### What is expected
In the records below, reproduce exactly the lines from the one containing "Thumbnail 12" through the one containing "Elderberry Blossom", both included, and omit the pictures.

··· Task input

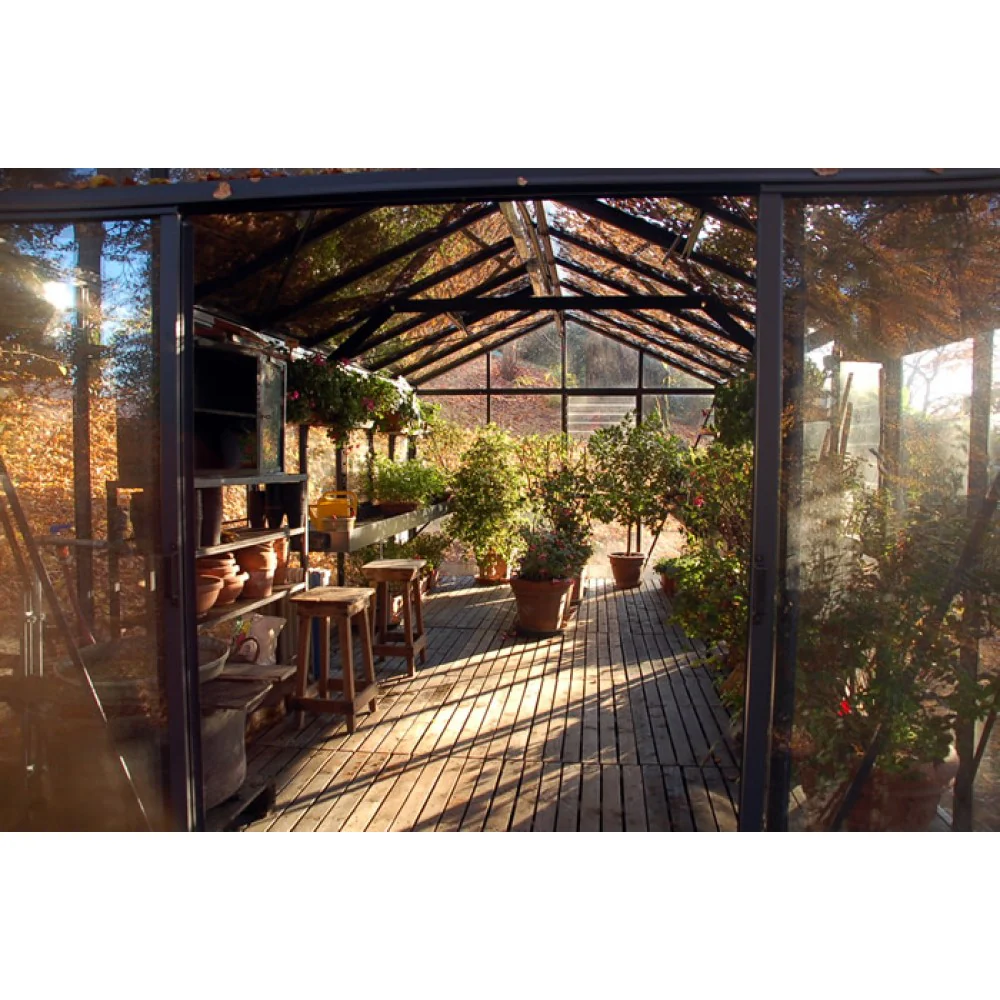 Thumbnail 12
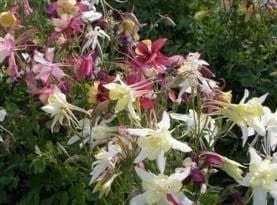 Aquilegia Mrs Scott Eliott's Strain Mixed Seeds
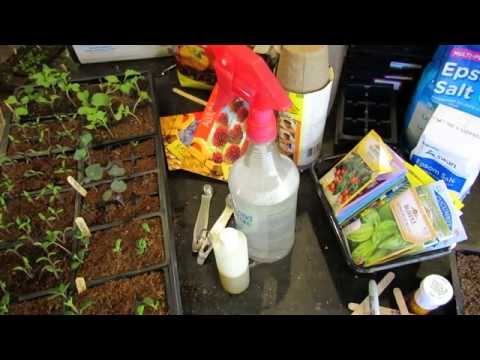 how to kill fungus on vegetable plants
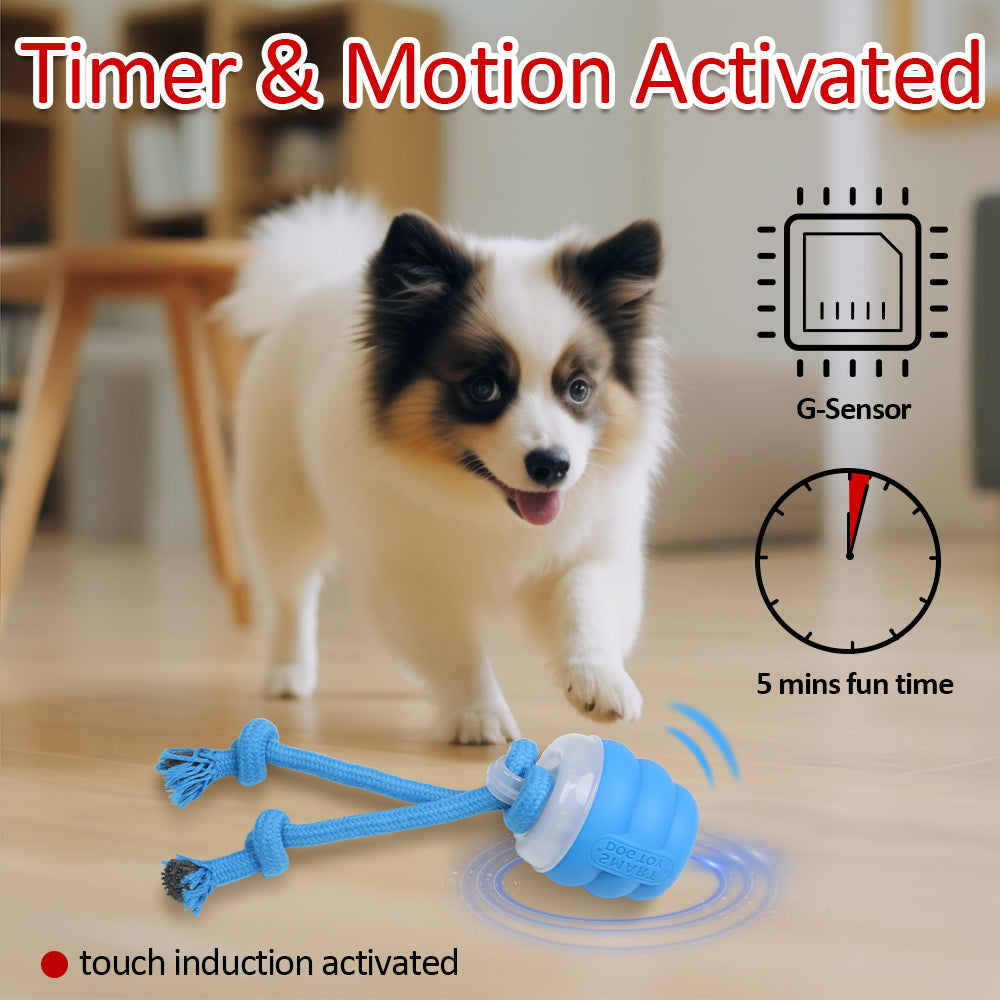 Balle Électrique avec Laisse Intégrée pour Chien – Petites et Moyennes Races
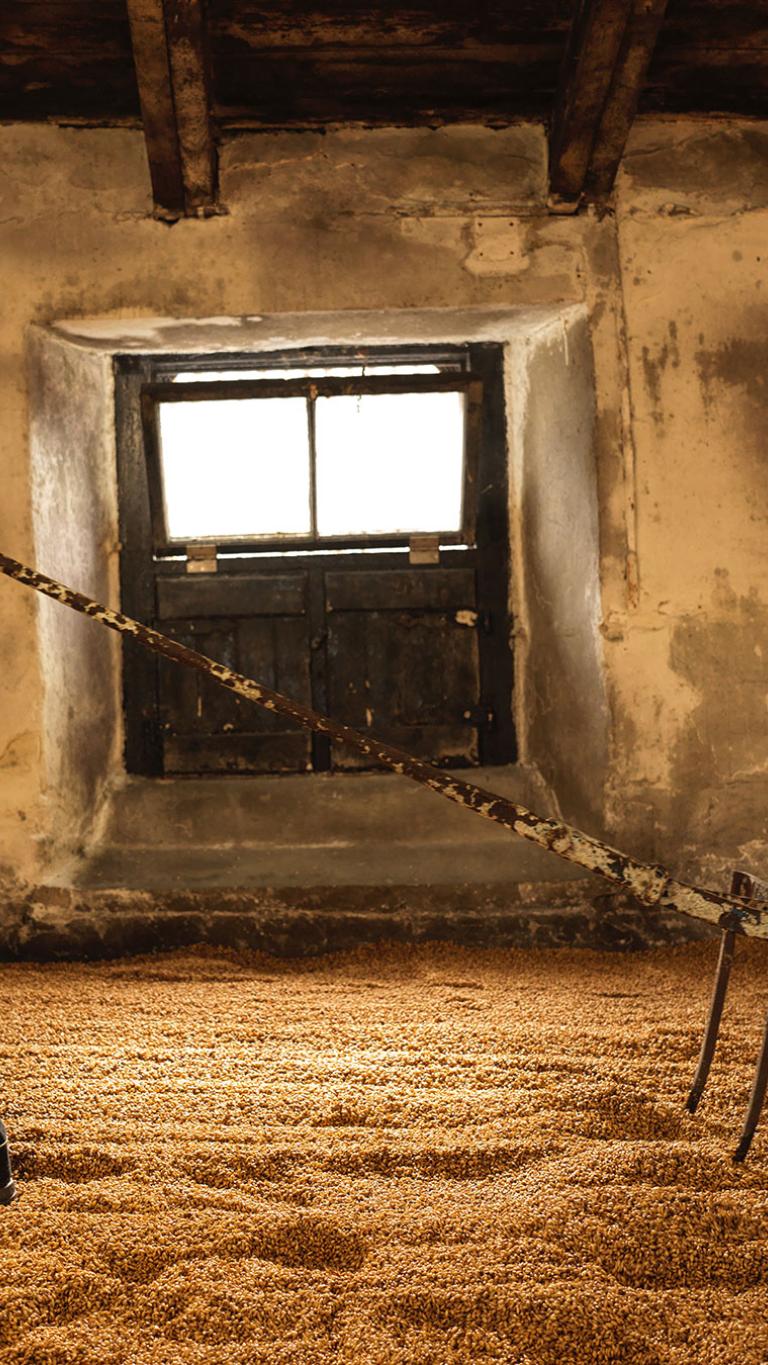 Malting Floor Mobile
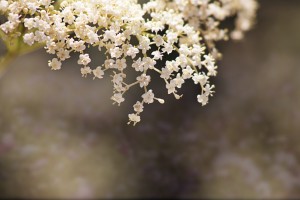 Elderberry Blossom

······
··· Task input

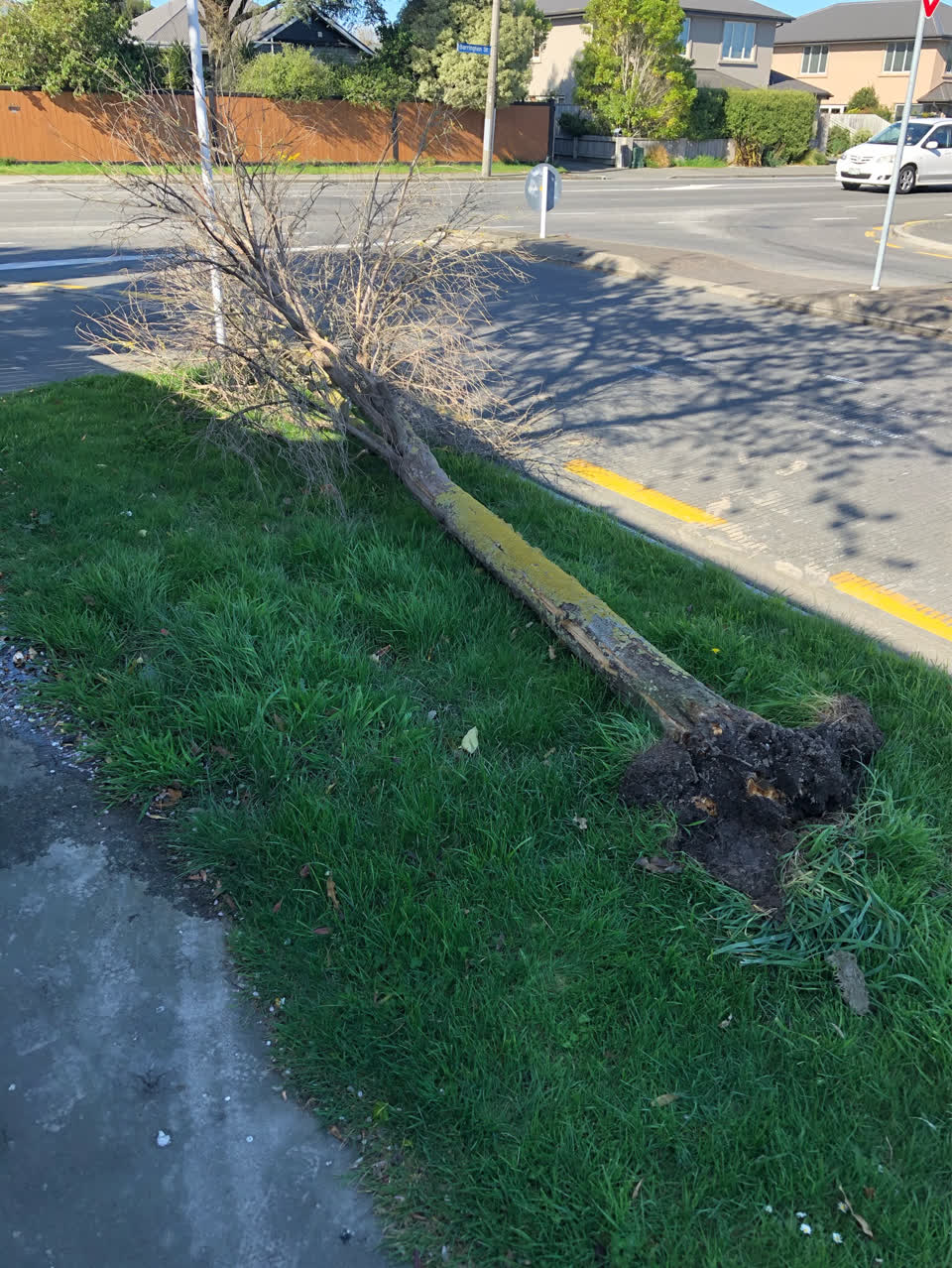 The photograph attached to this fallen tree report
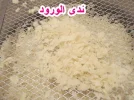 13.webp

······
··· Task input

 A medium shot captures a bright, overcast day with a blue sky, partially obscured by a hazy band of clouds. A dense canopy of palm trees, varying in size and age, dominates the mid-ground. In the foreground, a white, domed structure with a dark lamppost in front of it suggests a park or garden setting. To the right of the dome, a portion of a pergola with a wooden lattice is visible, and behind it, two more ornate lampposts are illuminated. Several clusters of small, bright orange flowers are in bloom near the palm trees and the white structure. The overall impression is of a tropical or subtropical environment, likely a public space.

······

### Final answer
 Thumbnail 12
 Aquilegia Mrs Scott Eliott's Strain Mixed Seeds
 how to kill fungus on vegetable plants
 Balle Électrique avec Laisse Intégrée pour Chien – Petites et Moyennes Races
 Malting Floor Mobile
 Elderberry Blossom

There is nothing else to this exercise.